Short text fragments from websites
▼▼▼

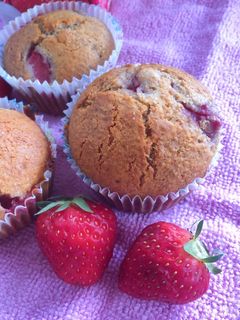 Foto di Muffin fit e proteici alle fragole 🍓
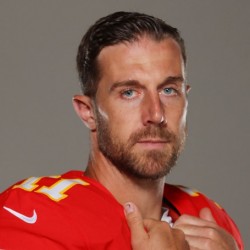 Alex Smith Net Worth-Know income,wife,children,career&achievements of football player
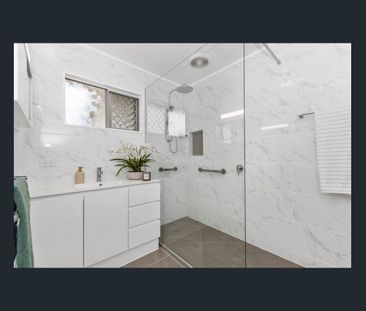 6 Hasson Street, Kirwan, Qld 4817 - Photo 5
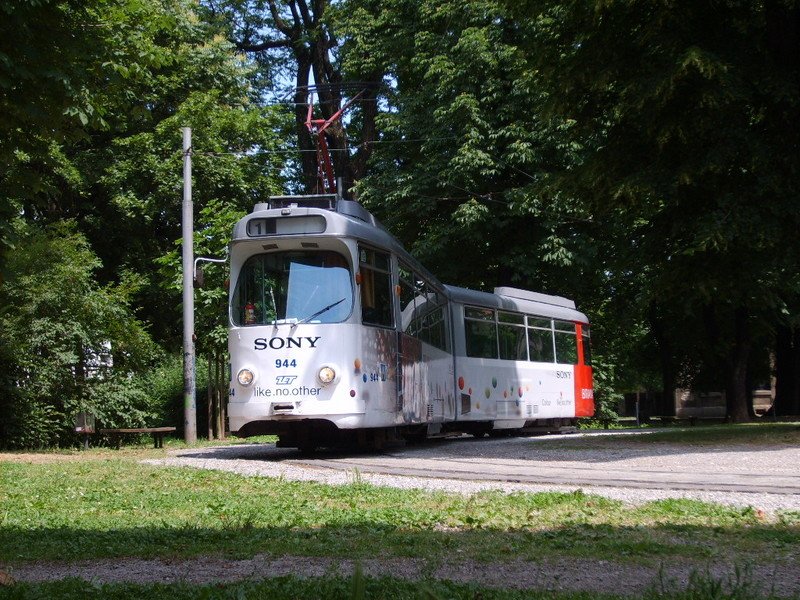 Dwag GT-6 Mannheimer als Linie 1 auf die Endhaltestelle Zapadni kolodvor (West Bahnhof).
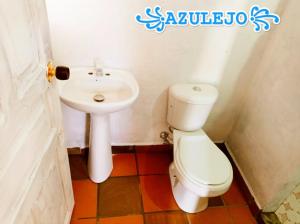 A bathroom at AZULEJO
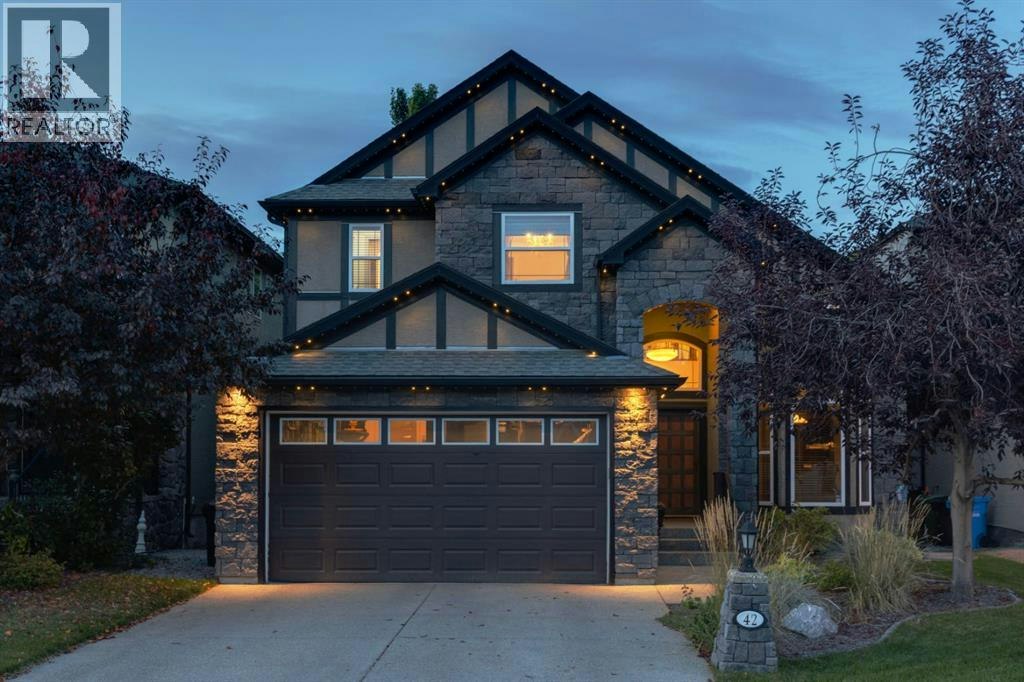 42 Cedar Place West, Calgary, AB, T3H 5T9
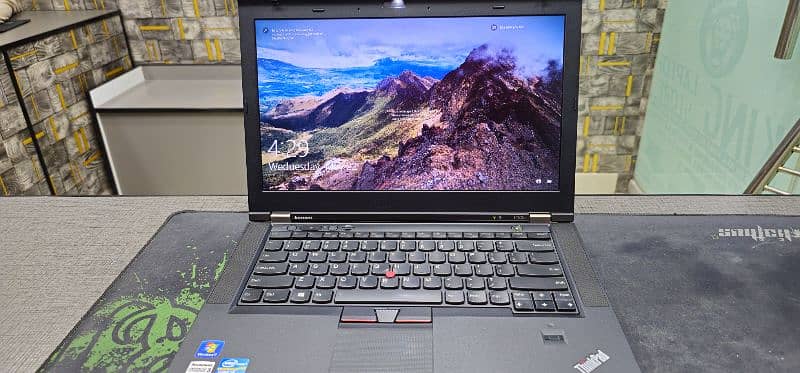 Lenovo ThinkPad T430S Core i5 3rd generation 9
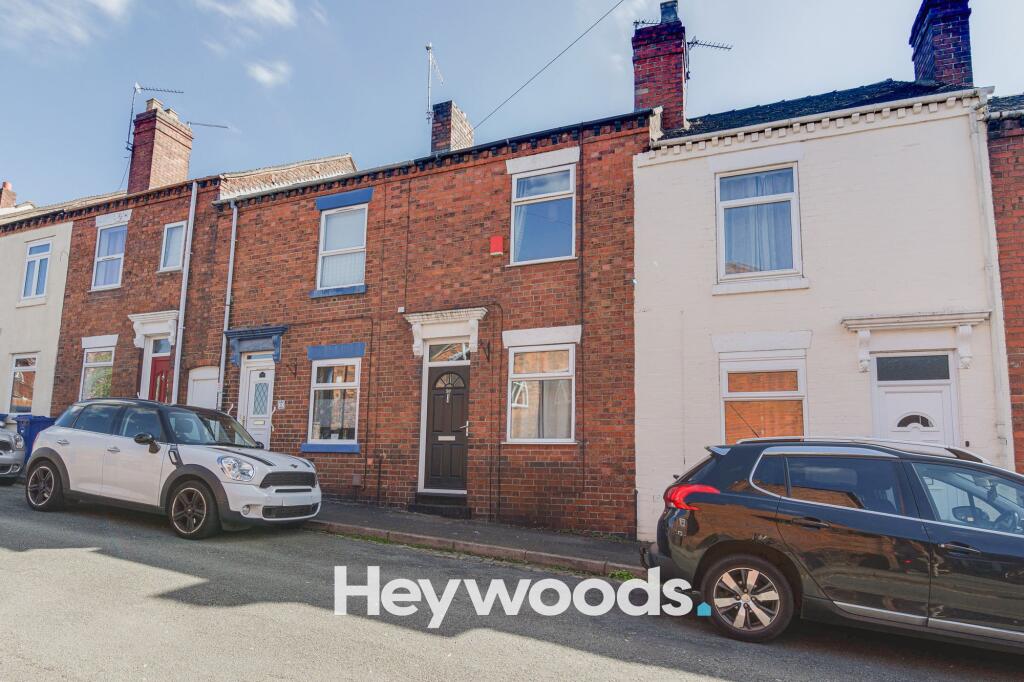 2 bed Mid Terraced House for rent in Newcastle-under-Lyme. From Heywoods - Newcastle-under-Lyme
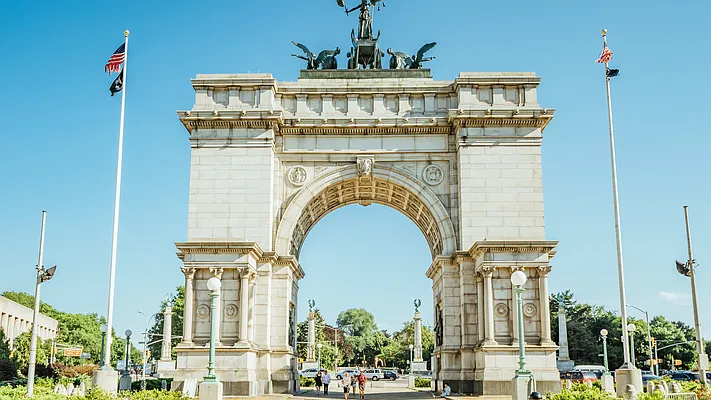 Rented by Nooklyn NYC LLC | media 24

▲▲▲

Directions = Leave the pictures out. Repeat every entry above exactly.

Written response =
 Foto di Muffin fit e proteici alle fragole 🍓
 Alex Smith Net Worth-Know income,wife,children,career&achievements of football player
 6 Hasson Street, Kirwan, Qld 4817 - Photo 5
 Dwag GT-6 Mannheimer als Linie 1 auf die Endhaltestelle Zapadni kolodvor (West Bahnhof).
 A bathroom at AZULEJO
 42 Cedar Place West, Calgary, AB, T3H 5T9
 Lenovo ThinkPad T430S Core i5 3rd generation 9
 2 bed Mid Terraced House for rent in Newcastle-under-Lyme. From Heywoods - Newcastle-under-Lyme
 Rented by Nooklyn NYC LLC | media 24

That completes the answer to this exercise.